As India’s electric vehicle market surges past 2 million registrations in 2025, a widening infrastructure gap threatens to undermine the nation’s ambitions of becoming a global leader in sustainable mobility, according to industry analysis.
Highlights:
- EV registrations reached 2.02 million in 2025, led by the two-wheeler segment
- Charging infrastructure remains concentrated in metro cities, leaving highways and smaller towns underserved
- Global leaders like Norway, China, and Germany offer blueprint for coordinated infrastructure planning
- Private sector participation and policy alignment identified as critical to closing the infrastructure deficit
The Infrastructure Challenge
Despite robust growth in electric vehicle adoption across two-wheelers, three-wheelers, passenger vehicles, and commercial fleets, India’s charging network has failed to keep pace with demand. Most public charging stations remain confined to metropolitan areas, creating a significant barrier for intercity travel and commercial operations.

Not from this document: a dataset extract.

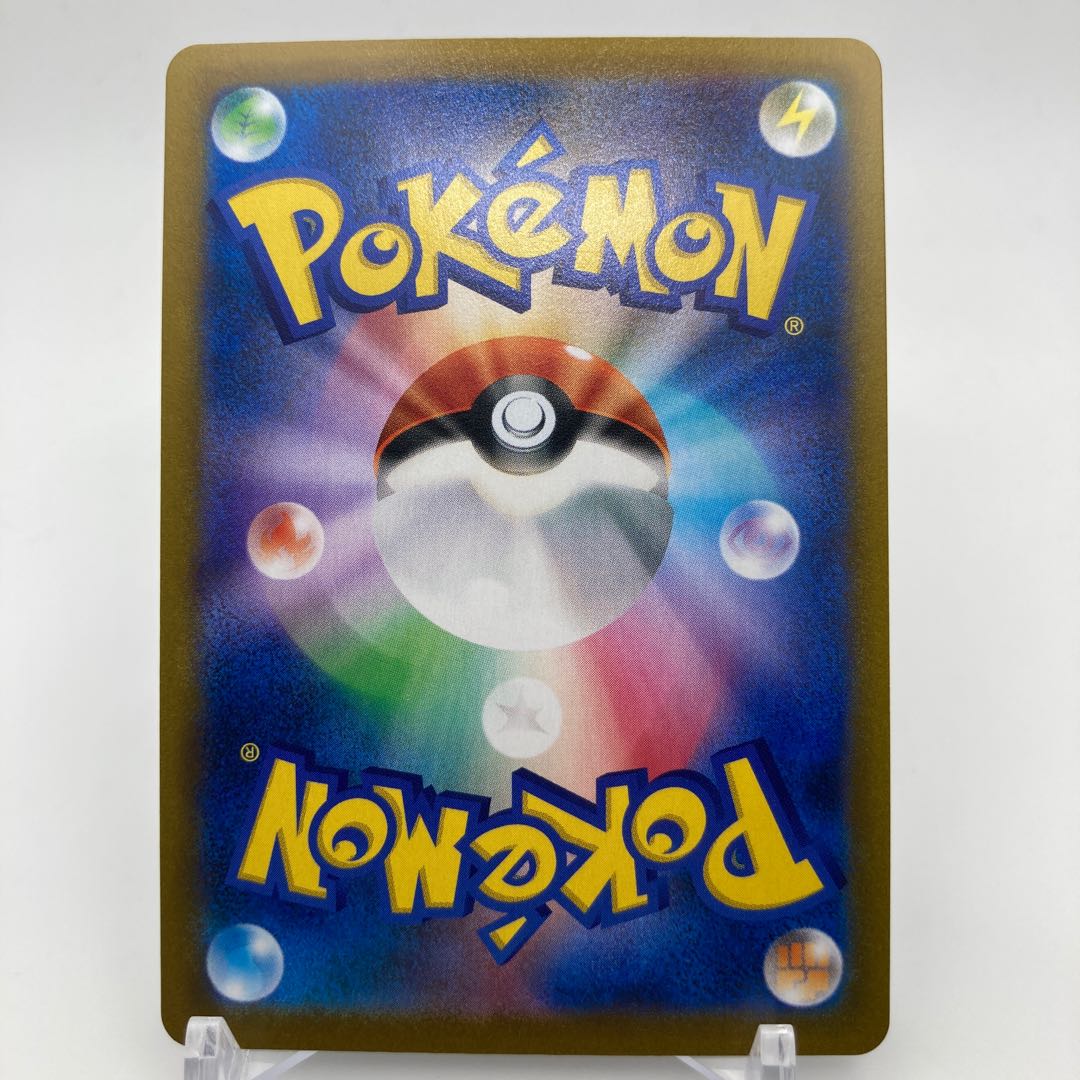 Bronzong CHR 208/184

The infrastructure gap stems from multiple bottlenecks including slow land approvals, inadequate grid capacity, and fragmented coordination among government agencies. Charging projects face persistent delays due to unclear ownership models and conflicting responsibilities across regulatory bodies, undermining consumer confidence and complicating fleet planning for commercial operators.
Fast-charging facilities, essential for long-distance travel and commercial vehicle operations, remain particularly scarce outside major urban centers.
Policy Support Shows Promise
India’s progress in electric mobility has been substantial. Production-linked incentives have boosted domestic manufacturing capacity, while multiple states have introduced EV-friendly policies featuring tax exemptions, registration benefits, and purchase incentives. The electric bus segment has gained significant traction in urban transport networks, and logistics companies are increasingly electrifying their fleets.
However, these milestones highlight a concerning pattern: vehicle adoption is outpacing infrastructure development, creating potential bottlenecks that could slow the transition to electric mobility.
Global Lessons in Infrastructure Planning
Leading EV markets worldwide have adopted infrastructure-first strategies that India could adapt to its unique context. Norway has achieved one of the world’s highest EV adoption rates by ensuring charging points are uniformly distributed nationwide, making charging a seamless part of daily mobility rather than a planned activity.
China has scaled infrastructure rapidly through state-backed execution, deploying large public charging hubs and depot-based systems for commercial fleets. Germany focuses on fast-charging corridors along highways to support long-distance travel, treating charging infrastructure as integral to national transport planning.
The Netherlands has created a highly connected network by integrating charging stations with urban infrastructure and residential areas, using data-driven planning to anticipate demand rather than merely responding to it. Sweden is experimenting with charging roads that allow vehicles to charge while driving, reducing battery size requirements.
The Path Forward
Industry experts emphasize that India must treat charging infrastructure as non-negotiable national infrastructure, comparable to roads, power grids, and telecommunications networks. This requires planning ahead of vehicle adoption rather than reacting to demand after bottlenecks emerge.
Key recommendations include corridor-based and cluster-based charging approaches targeting highways, logistics hubs, industrial zones, and residential areas. Standardized charging interfaces and payment systems would reduce fragmentation and improve user confidence, while long-term grid planning would ensure the power system can handle rising charging demand.
Policy consistency across states is crucial to encourage private sector investment. Energy companies, real estate developers, fleet operators, and equipment manufacturers all play central roles in scaling infrastructure, but require predictable regulatory frameworks and clear incentive structures.
Sustainability Integration Essential
Experts warn that charging infrastructure must be integrated with renewable energy generation and smart grid management to achieve genuine sustainability. Without this alignment, increased EV adoption could simply shift emissions from tailpipes to power plants.
Several companies, including Exicom and Mahindra, are already investing in ultra-fast charging networks, signaling private sector confidence in India’s EV future. However, coordinated action across government, utilities, and private operators remains essential to transform India from an EV adopter to an EV leader in sustainable transportation.